そして、この絵本の最大の特徴は「奇怪なのか面白いのか、リアルなのかデフォルメなのか判断に迷う不思議なイラスト」。うーん……個人的には、もっと可愛い絵柄の方が良かったような気がしますが、これはこれで味があっていいのかも……(汗)。
とにかく「謎に満ちた本」で、クイズや隠し絵も楽しめます。絵本の隅っこにさりげなくマッチ棒パズルなども書いてあり、20個くらいのパズルや問題も楽しめます。もちろん問題への回答も、本の裏表紙に「めくりしかけ」でついていますので、正解を確認することが出来ます。
残念ながら「絵柄」がお世辞にも可愛いとは言えないし、パズルも幼い子どもには少し難しいので、小学校高学年以上の方にお勧めします。
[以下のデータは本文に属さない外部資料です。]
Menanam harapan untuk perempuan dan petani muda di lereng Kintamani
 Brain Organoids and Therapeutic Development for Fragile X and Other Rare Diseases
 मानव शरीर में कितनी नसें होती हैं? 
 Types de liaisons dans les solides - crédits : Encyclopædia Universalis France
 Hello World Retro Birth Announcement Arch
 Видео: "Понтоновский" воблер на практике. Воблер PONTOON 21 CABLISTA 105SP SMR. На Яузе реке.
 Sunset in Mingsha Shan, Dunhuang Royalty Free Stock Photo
いろんな意味で、「謎本」が好きな方には、特にお勧めです☆

・表紙:帯の下は「大きく開いた口」で、帯をつけると「女性の顔」になる仕掛けあり。帯がないと、かなり不気味な表紙になってしまうので、帯を破かないよう気をつけましょう(汗)。
・1ページ目:タイトル&発行年などの情報。右ページのタイトルの下に「扉」のめくりしかけあり。
・2~3ページ目:あしのない椅子などの謎イラスト。右上と左上の隅に「パッチ棒パズル」などのパズル2個あり。
・4~5ページ目:騙し絵&隠し絵(風景の中にかくれている大男を探す)右上と左上の隅に「図形」などのパズル2個あり。
・6~9ページ目:めくることで姿が変形する謎動物のイラスト。折り畳みを開いたり、ページを重ねたりすることで、動物たちがいろんな変化を見せます。
・10ページ目:逆さ絵の町(絵の上下を逆にしても「町の風景」)。左上にマッチ棒パズル。
・11ページ目:人間の円盤(円盤を回すと、人間の顔が変化します)。右上に図形分割パズル。
・12ページ目:野菜人間の騙し絵。左上にマッチ棒パズル。
・13ページ目:四角い車輪の自転車などの謎イラスト。
・14ページ目:あちこちに変なところのある風景の騙し絵。左上にパズル。
・15ページ目:折りこみを伸ばすと、可愛い女の子の絵が急に怖くなります。右上にパズル。
・16~17ページ目:折りこみを伸ばすと、帽子に隠したものや、女性の大口が見えます(表紙&帯の女性の絵と同じもの)。
・18ページ目:折りこみを伸ばすと、森の大木のなかに魔女の家(?)が。右上に数字パズル。
・19ページ目:取っ手のないカバンなどの謎イラスト(カバンにめくりしかけあり)
・20~21ページ目:間違い探し(12か所)。右上と左上の隅にパズル2個あり。
・22ページ目:逆さ絵の人間たち
・23ページ目:変身する謎の動物たち(上下・左右にめくる仕掛けあり)
・24~25ページ目:夕日に染まる空の雲の風景(雲の形がいろんな動物に)。左上に図形パズル。
・裏表紙の内側:イラストの中に、パズルの回答がめくりしかけで隠されています。
・裏表紙:動物のイラストと文章(帯の下の文章と、帯をつけた時の文章が変化します)。